* **What to do**:
Among the lines of data below, reproduce only those from the one with "López Obrador firmó" through the one with "厂家批发铁栏马来西亚通通电子双面锁新加坡门指纹智能家用密码锁", exactly as they stand, both ends included.

* **Supplied data**:
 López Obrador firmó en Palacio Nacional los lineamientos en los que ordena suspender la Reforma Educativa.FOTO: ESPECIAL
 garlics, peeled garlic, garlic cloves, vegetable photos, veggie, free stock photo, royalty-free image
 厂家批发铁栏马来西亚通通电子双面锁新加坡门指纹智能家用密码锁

...

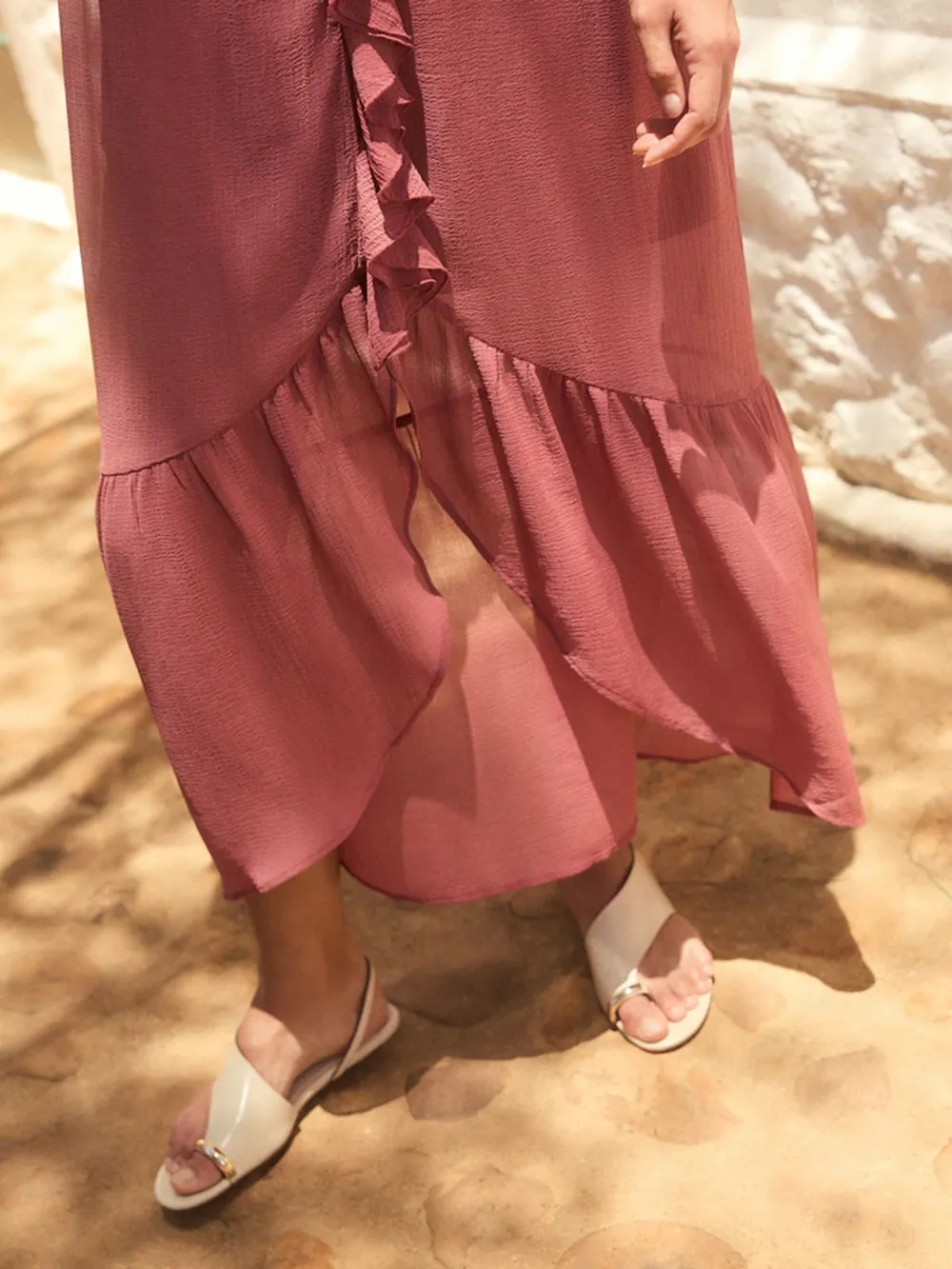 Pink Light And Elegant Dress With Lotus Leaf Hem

* **Task result**:
 López Obrador firmó en Palacio Nacional los lineamientos en los que ordena suspender la Reforma Educativa.FOTO: ESPECIAL
 garlics, peeled garlic, garlic cloves, vegetable photos, veggie, free stock photo, royalty-free image
 厂家批发铁栏马来西亚通通电子双面锁新加坡门指纹智能家用密码锁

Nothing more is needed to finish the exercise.